Did you know that there are tax deductions when selling a home? There’s actually a new tax code—aka the Tax Cuts and Jobs Act—that’s causing quite a bit of confusion this filing season. Rest assured that if you sold your home last year (or are planning to in the future), the tax deductions may amount to sizable savings when you file with the IRS. You’ll want to know all the tax deductions (as well as tax exemptions or other write-offs) at your disposal. So here’s a quick breakdown.
1. Selling costs
Good news! These deductions are still allowed under the new tax law as long as they are directly tied to the sale of the home and the taxpayer lived in the home for at least two out of the five years preceding the sale. Note that the home must be a principal residence and not an investment property.
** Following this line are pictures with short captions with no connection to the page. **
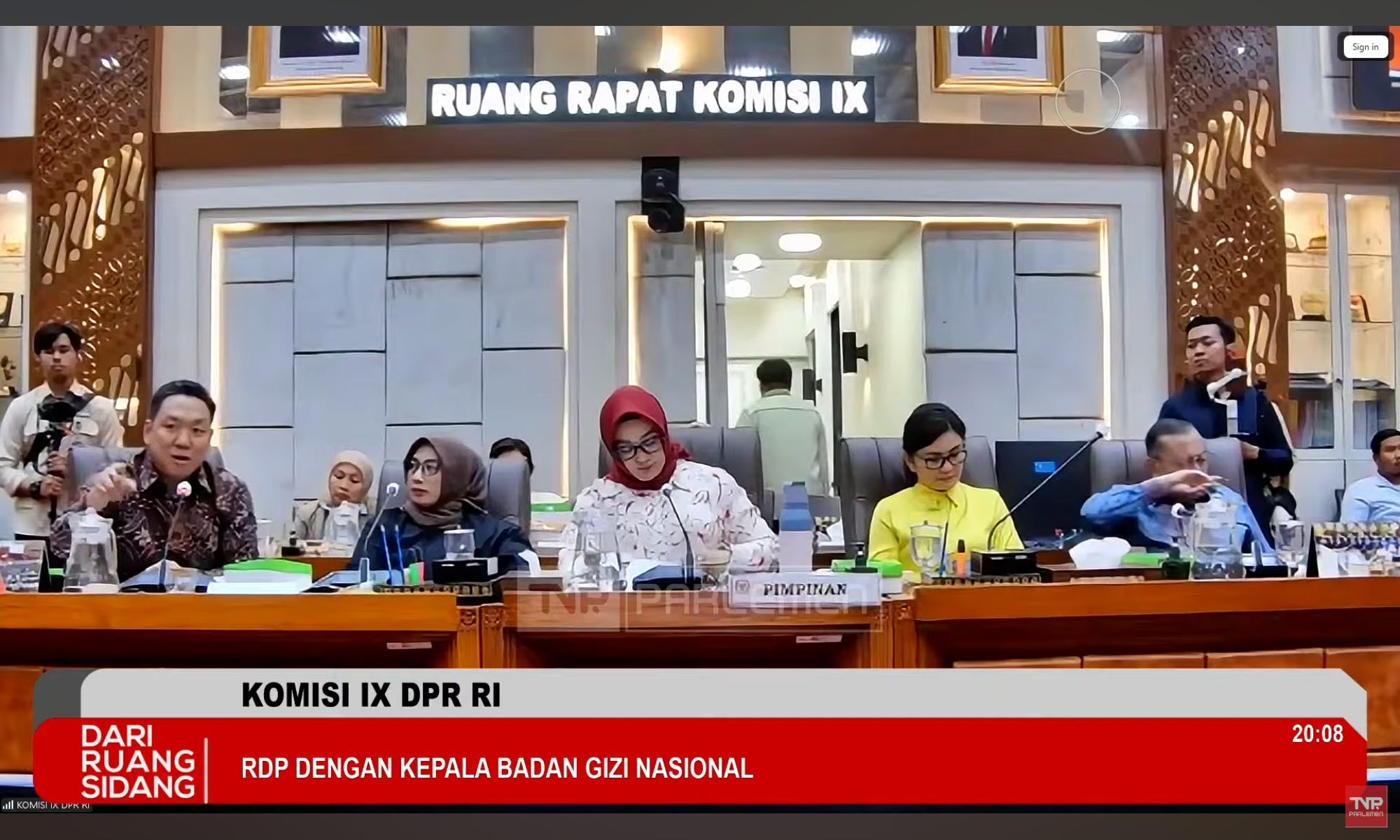 50.059 Korban Keracunan MBG, DPR Dorong Dapur Berbasis Sekolah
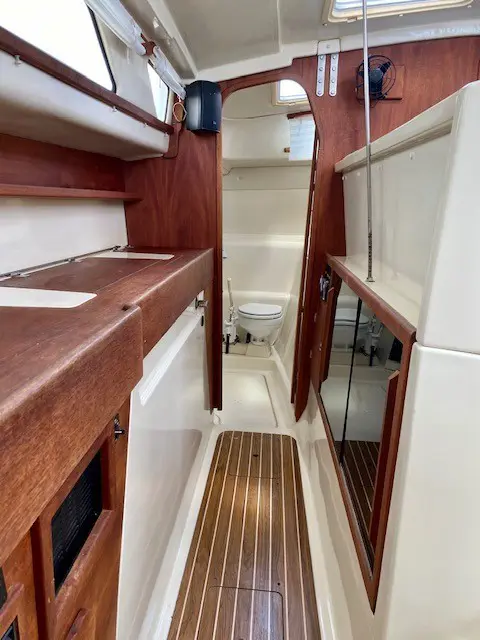 Used Sail Catamaran for Sale 2008 Gemini 105Mc Layout & Accommodations Image Gallery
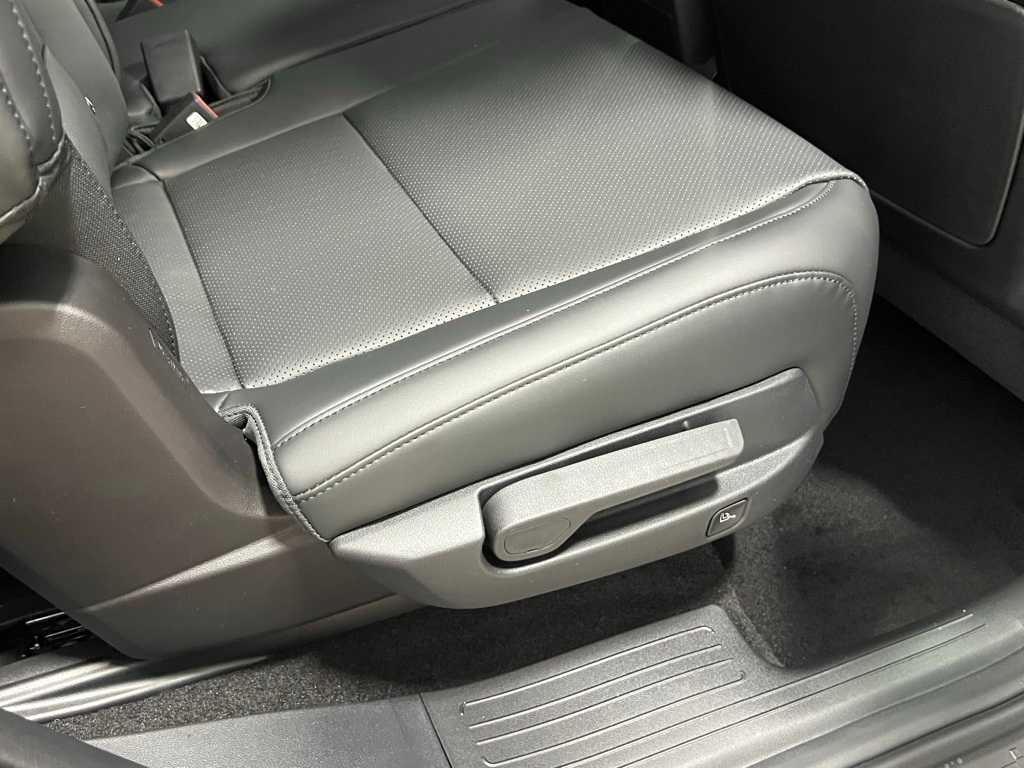 2025 Hyundai Santa Fe SEL photo 21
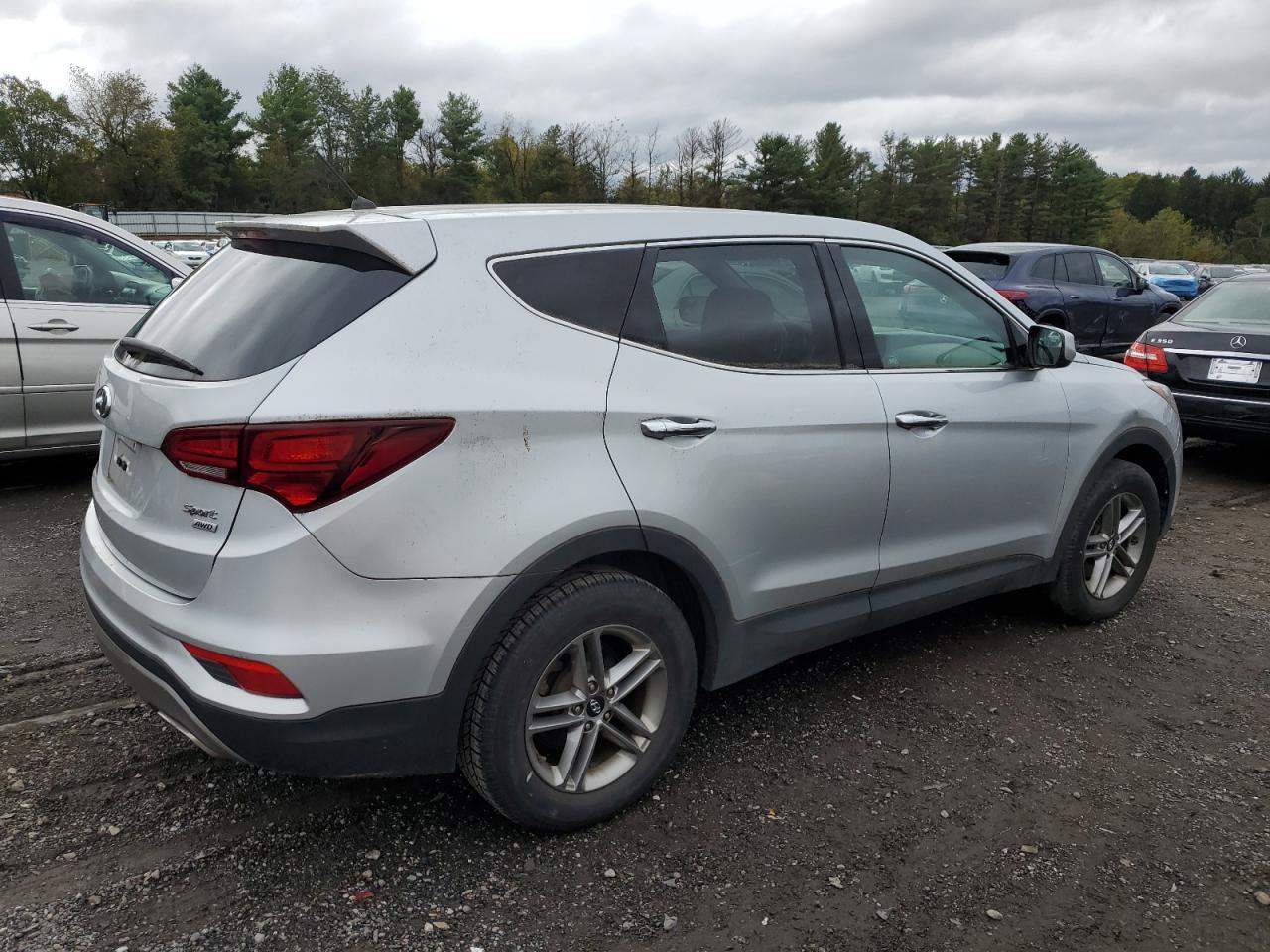 2018 Hyundai Santa Fe Sport - Image 3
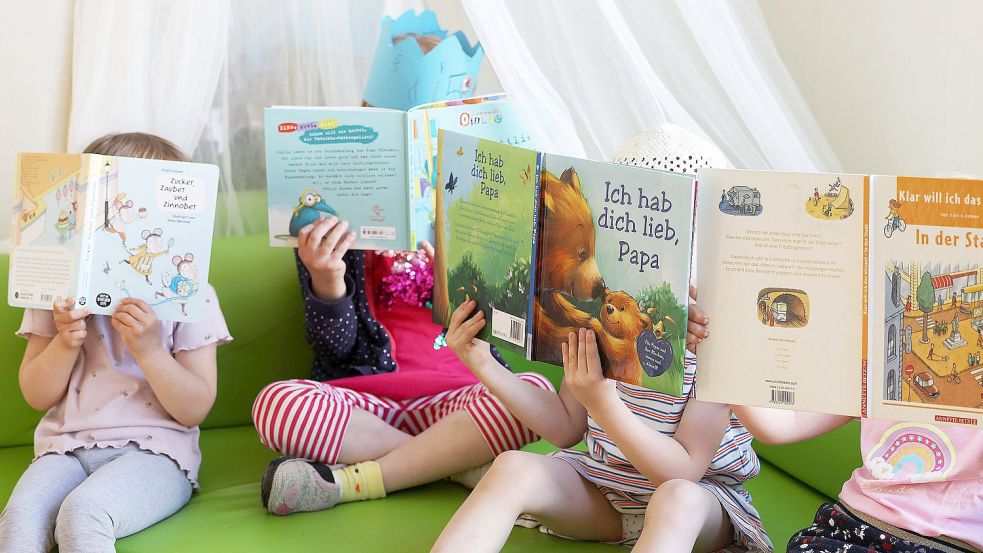Jeder macht sein Ding: So ähnlich wie bei diesen Kindern läuft es derzeit in der Debatte um die Kitas im Kreis Aurich. Foto: DPA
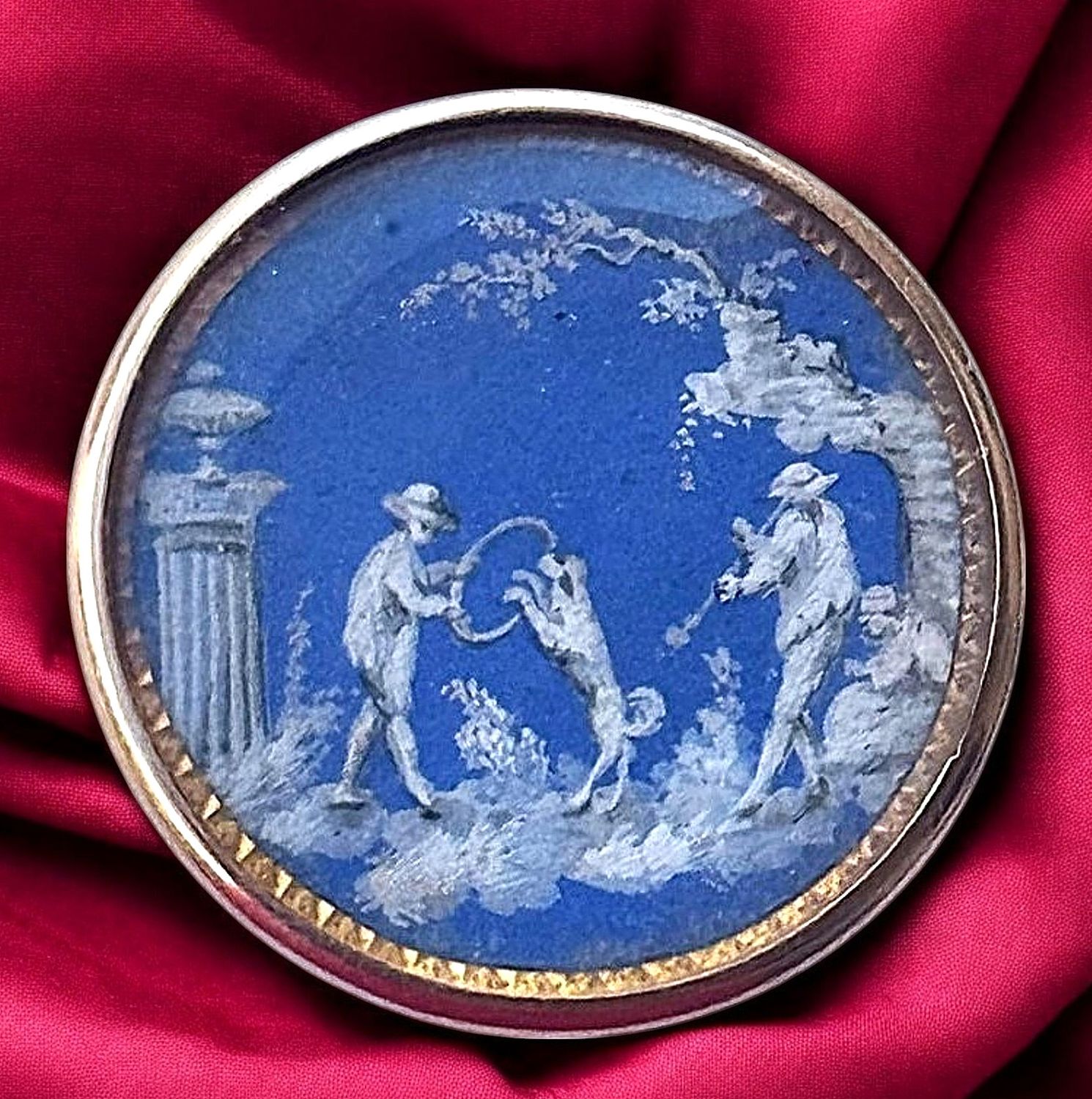 VERY RARE 18TH CENTURY MEDIUM SIZE HAND PAINTING UNDER GLASS IN 18KT GOLD!!!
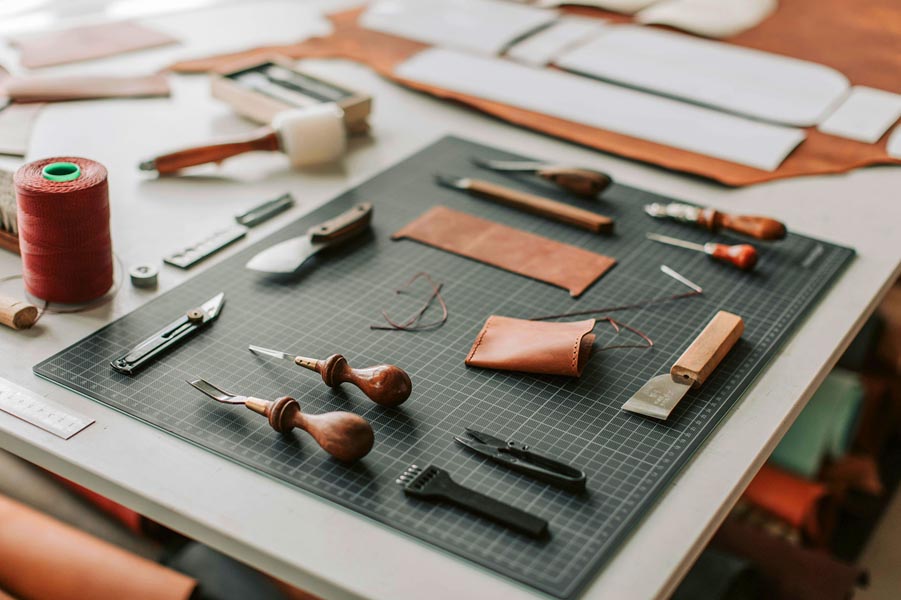 Why Are Age-Old Leather Tools Still Relevant Today? Adapting to Contemporary Needs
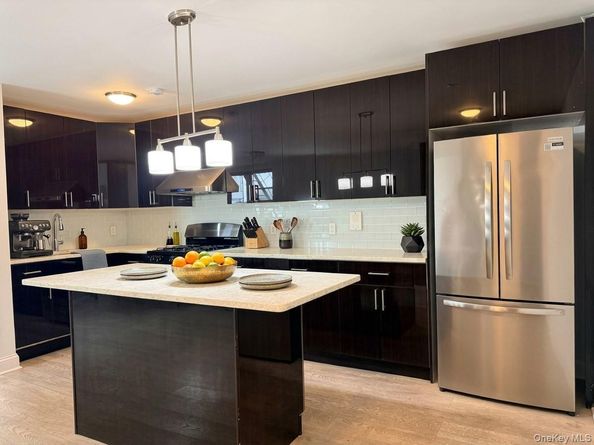 60-11 Broadway 5E, Woodside NY 11377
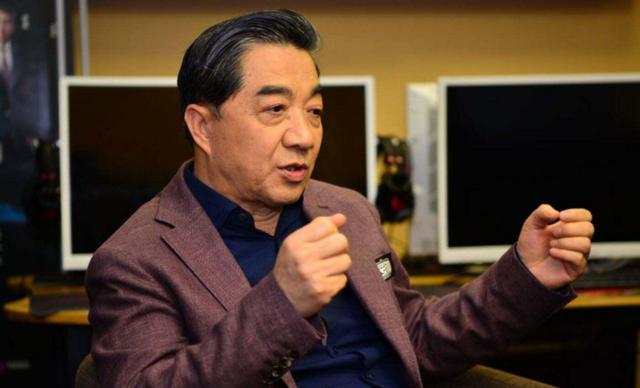 只能甩锅给中国？特朗普还是迈出危险一步，张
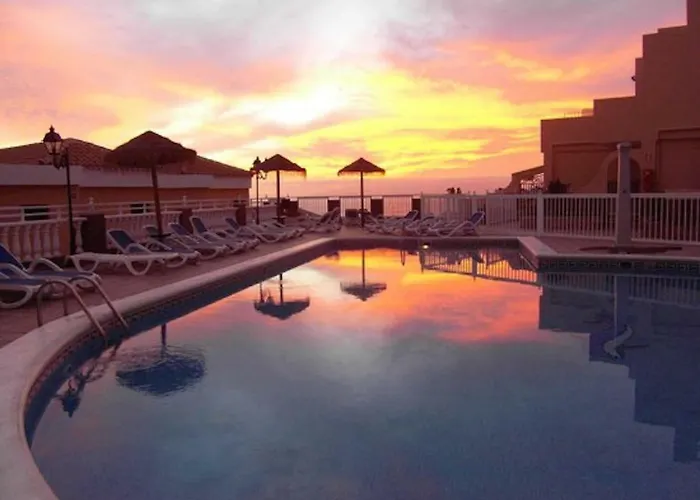 Golden Paradise Seaview 아파트 아데제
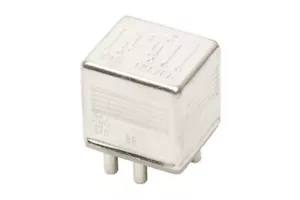 Relé URO Parts 0015420219 para modelos selectos de Mercedes-Benz 68-02 - Imagen 1 de 3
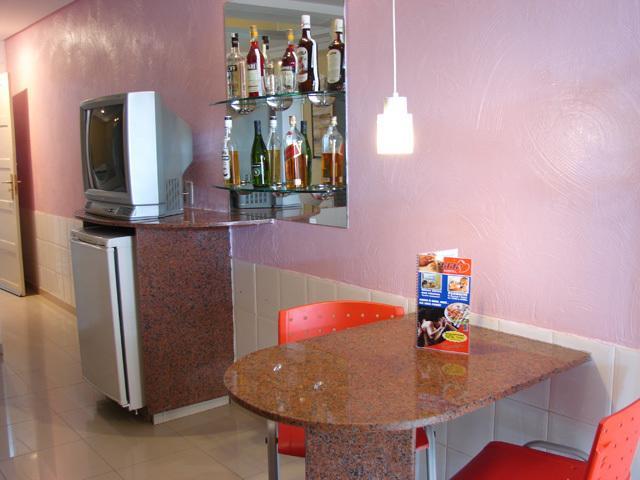 Tititi Motel (Adults Only) Олинда Экстерьер фото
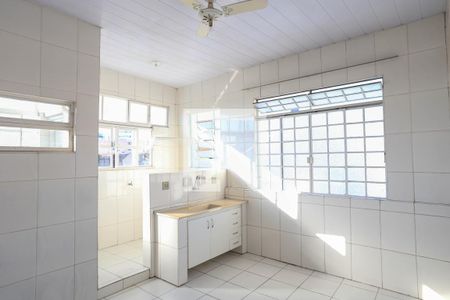 Cozinha  de kitnet/studio para alugar com 2 quartos, 50m² em Floresta, Belo Horizonte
You can deduct any costs associated with selling the home—including legal fees, escrow fees, advertising costs, home staging fees, and real estate agent commissions. Just remember that you can’t deduct these costs in the same way as, say, mortgage interest. Instead, you subtract them from the sales price of your home, which in turn positively affects your capital gains tax.
2. Home improvements and repairs
The new tax law left this deduction as well. If you renovated a few rooms to make your home more marketable (and so you can fetch a higher sales price), now you can deduct those upgrade costs as well. This includes painting the house or repairing the roof or water heater. However, if you needed to make home improvements in order to sell your home, you can deduct those expenses as selling costs as long as they were made within 90 days of the closing.
3. Property taxes
This deduction is still allowed, but your total deductions are capped at $10,000. If you were paying your property taxes up to the point when you sold your home, you can deduct the amount you paid in property taxes this year up to $10,000.
4. Mortgage interest
As with property taxes, you can deduct the interest on your mortgage for the portion of the year you owned your home. However, the rules have changed slightly from last year. Just remember that under the new tax code, new homeowners (and home sellers) can deduct the interest on up to only $750,000 of mortgage debt, though homeowners who got their mortgage before Dec. 15, 2017, can continue deducting up to the original amount up to $1 million.
Note that the mortgage interest and property taxes are itemized deductions. This means that for it to work in your favor, all of your itemized deductions need to be greater than the new standard deduction, which the Tax Cuts and Jobs Act nearly doubled to $12,200 for individuals, $18,350 for heads of household, and $24,400 for married couples filing jointly (for comparison, it used to be $12,700 for married couples filing jointly).
5. Capital Gains?
Lawmakers tried to change the capital gains rule, but it managed to survive—so it’s still one home sellers can use. It isn’t technically a deduction (it’s an exclusion), but you’ll still benefit. As a reminder, capital gains are your profits from selling your home—whatever cash is left after paying off your expenses, plus any outstanding mortgage debt. And yes, these profits are taxed as income. But here’s the good news: You can exclude up to $250,000 of the capital gains from the sale if you’re single, and $500,000 if married. The only big catch is you must have lived in your home at least two of the past five years.